I've been trying to speed up BINOMIAL-COEFFICIENT for combinatorial calculations and ended up writing my own functions which were originally based off of Alexandria's design. For computing the binomial coefficient of (10^11, 10^5), Alexandria's takes about 9.990 seconds on my 64-bit Windows machine with a relatively recent SBCL with (optimize speed (safety 0) (debug 0)).
I've ended up writing my own version of %MULTIPLY-RANGE, which I ended up calling RANGE-PRODUCT, and it's definition is:
(declaim (ftype (function (integer integer) integer) range-product)) (defun range-product (lower upper) "Compute LOWER * (LOWER+1) * ... * (UPPER-1) * UPPER." (assert (<= lower upper)) (case (- upper lower) ((0) lower) ((1) (* lower upper)) (otherwise (let ((mid (floor (+ lower upper) 2))) (* (range-product lower mid) (range-product (1+ mid) upper))))))
[ from QTILITY: https://bitbucket.org/tarballs_are_good/qtility/src/65eff10fdece/arithmetic.... ]
From that, the definition of FACTORIAL follows:
(declaim (ftype (function ((integer 0)) (integer 1)) factorial)) (defun factorial (n) "Compute the factorial of N, N! = 1 * 2 * ... * N." (if (zerop n) 1 (range-product 1 n)))
[ from QTILITY: https://bitbucket.org/tarballs_are_good/qtility/src/65eff10fdece/arithmetic.... ]
Then, I wrote BINOMIAL-COEFFICIENT that uses a closure to direct the swapping of the K and N-K, instead of mutating them.
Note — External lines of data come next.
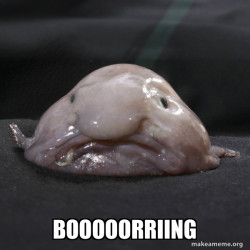 Blobfish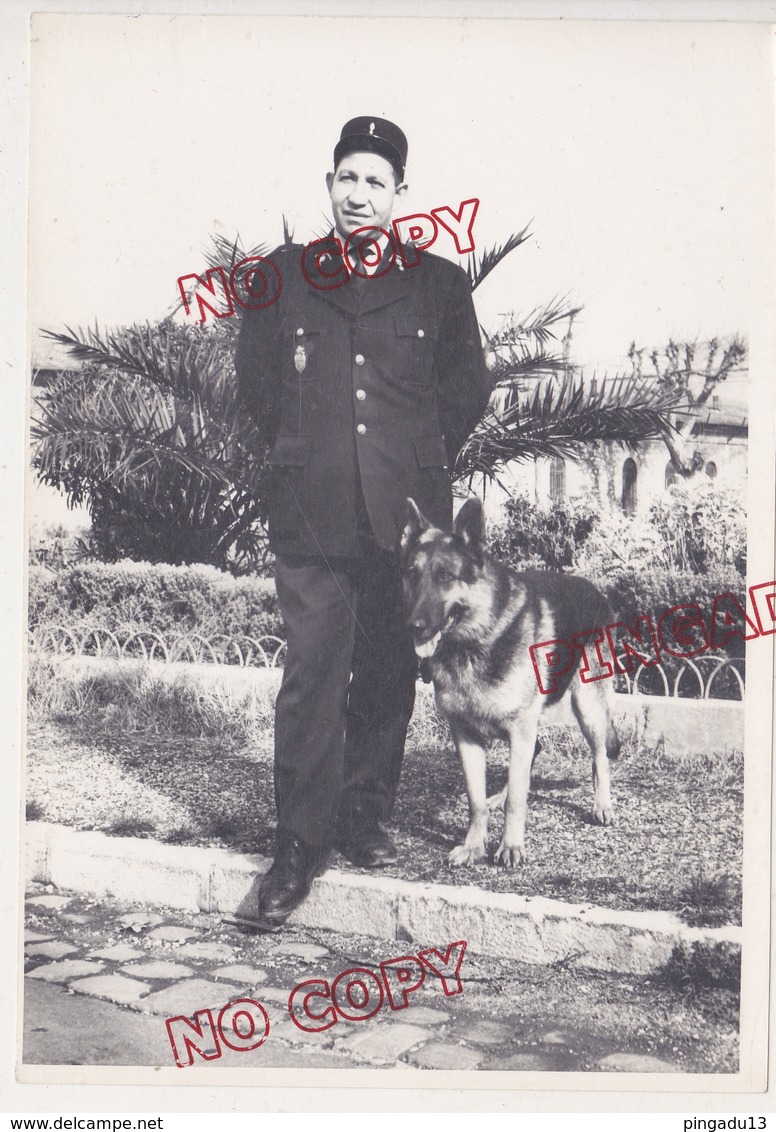 Au Plus Rapide Photo Archive D'un Gendarme Maître-chien Gendarmerie Nationale Beau Format - Guerre, Militaire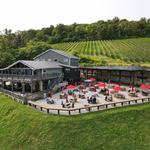 Bluemont Vineyard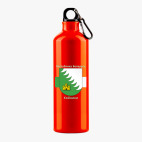 Металлическая бутылка 700 мл UV-DTF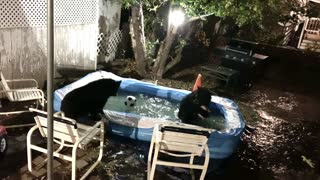 Bears have a late night pool party at this home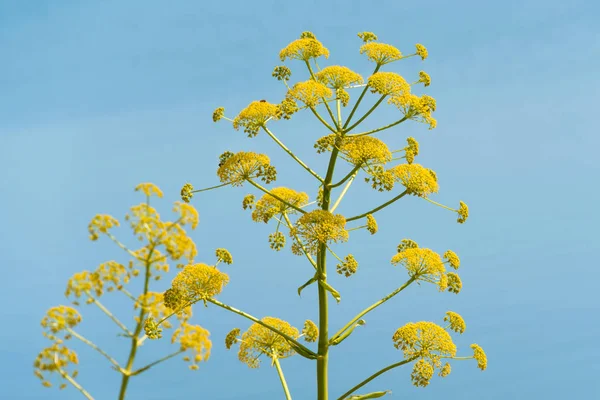 Hogweed géant, un hogweed géant contre le ciel bleu, plante dangereuse — Photo
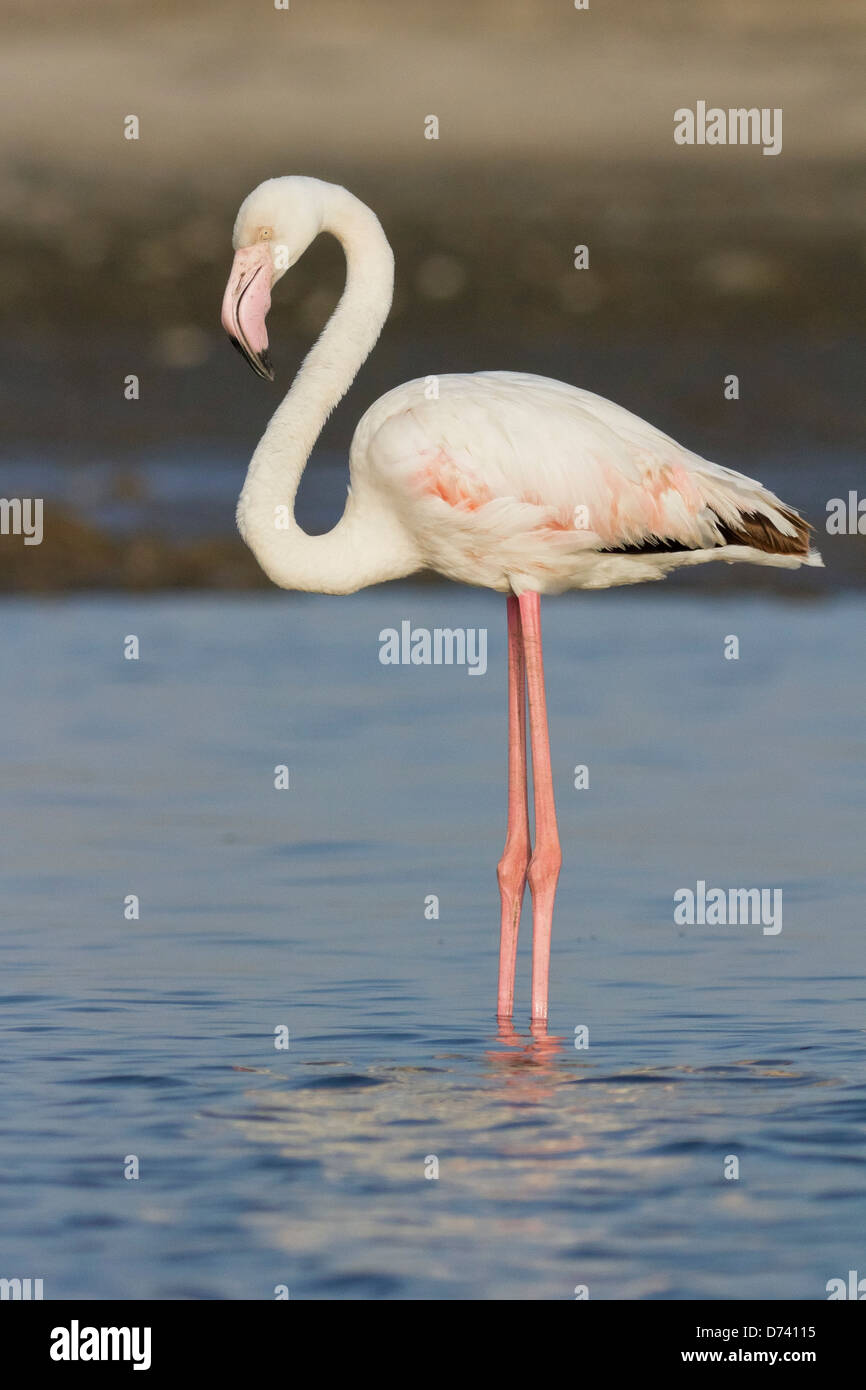 Greater Flamingo (Phoenicopterus Roseus Stock Photo - Alamy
This seemed to at least help with SBCL's flow analysis. I also chose not to use CHECK-TYPE in favor of declarations (which I understand are not the same, but I think they should attempt to act the same given a sufficient compiler policy).
(declaim (ftype (function ((integer 0) (integer 0)) (integer 0)) binomial-coefficient)) (defun binomial-coefficient (n k) "Binomial coefficient of N and K." (assert (>= n k)) (labels ((core (k n-k) (if (= 1 n-k) n (nth-value 0 (floor (range-product (+ k 1) n) (factorial n-k)))))) (declare (inline core) (ftype (function ((integer 0) (integer 0)) (integer 0)) core)) (if (or (zerop k) (= n k)) 1 (let ((n-k (- n k))) (declare (type (integer 0) n-k)) (if (< k n-k) (core n-k k) (core k n-k))))))
[ from QTILITY: https://bitbucket.org/tarballs_are_good/qtility/src/65eff10fdece/arithmetic.... ]
With the code above, I can compute the same binomial coefficient in about 7.503 seconds, so about a 2.5 second speed up.
I'd like to submit a patch using the code above, but I could see how these speed ups are both implementation-dependent and platform-dependent. A particular unfortunate consequence is that we don't have those tweakable limits which (in theory; as the comments say) could be computed at compile time.
Any thoughts?
-Robert